Hatapkapulu, a graduate of the Vienna Fine Arts Academy, is known for exploring her own anatomy in her work. She began to paint when she was nearing the end of high school and attended design classes taught by prominent Turkish painter Mehmet Güleryüz, hoping to be accepted by a fine arts school in Turkey. After being accepted by İstanbul's Mimar Sinan University, she showed her later work to Güleryüz, and he asked her why she was still making the same designs. This question greatly upset her, and as a result, she decided to change her artistic path. “In order to put an end to my situation, I went to Vienna and started all over again,” she says in an interview with Today's Zaman.

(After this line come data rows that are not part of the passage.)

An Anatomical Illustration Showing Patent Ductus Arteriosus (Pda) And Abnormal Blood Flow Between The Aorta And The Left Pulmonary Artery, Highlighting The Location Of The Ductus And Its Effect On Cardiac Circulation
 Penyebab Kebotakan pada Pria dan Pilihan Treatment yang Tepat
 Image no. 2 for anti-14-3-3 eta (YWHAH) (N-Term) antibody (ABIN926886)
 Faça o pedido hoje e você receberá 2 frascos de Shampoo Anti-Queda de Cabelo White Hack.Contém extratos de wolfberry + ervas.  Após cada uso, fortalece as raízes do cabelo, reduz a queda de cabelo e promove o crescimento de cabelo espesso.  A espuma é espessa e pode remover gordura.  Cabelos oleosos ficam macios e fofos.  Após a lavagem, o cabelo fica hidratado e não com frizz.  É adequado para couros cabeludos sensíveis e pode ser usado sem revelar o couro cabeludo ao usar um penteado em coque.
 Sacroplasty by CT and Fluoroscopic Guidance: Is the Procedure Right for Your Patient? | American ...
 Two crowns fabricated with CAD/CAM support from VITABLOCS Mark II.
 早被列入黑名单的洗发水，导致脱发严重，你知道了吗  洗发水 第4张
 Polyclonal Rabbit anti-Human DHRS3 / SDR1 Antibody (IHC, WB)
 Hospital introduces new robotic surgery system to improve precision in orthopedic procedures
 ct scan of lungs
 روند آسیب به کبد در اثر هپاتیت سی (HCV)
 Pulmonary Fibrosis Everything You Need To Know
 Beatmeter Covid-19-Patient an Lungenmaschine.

“Even if I was just a student, they always treated me as though I was already a painter,” Hatapkapulu says, explaining her experiences in Vienna. “I told them what I was trying to do through my paintings. We had very different seminar classes. I learned how to think there and how to transform my emotions into thoughts. It was very enjoyable and met my needs,” she notes, adding that she was taught by important artists such as Maria Lassnig and Christian Ludwig Attersee.
Asked whether she draws inspiration from Lassnig in using her own body as a subject in her work, Hatapkapulu explains that she did not learn this from her professor. “Perhaps she felt similarities and shared qualities between our paintings and that is why she invited me to her workshop. I learned many things from her, but I began to paint my own body at the end of high school,” she says, emphasizing that her painting is an outcome of her own physical and mental needs.
“With every new painting, I have the chance to reanalyze myself,” the artist says, adding that painting enables her to think. “Thought does not just have to be with words. You can think with colors, spaces or even with a void. This is also another language and painting is like learning a new language,” she concludes.
Speaking about her experiences as a female artist, Hatapkapulu says painting is a way of challenging the void, but she adds that this war is meant to be meaningful. “I believe that women need a language beyond the existing languages of the world. Since they are deep creatures, languages one uses cannot be enough for them. Their complexity requires a more satisfactory language,” she adds.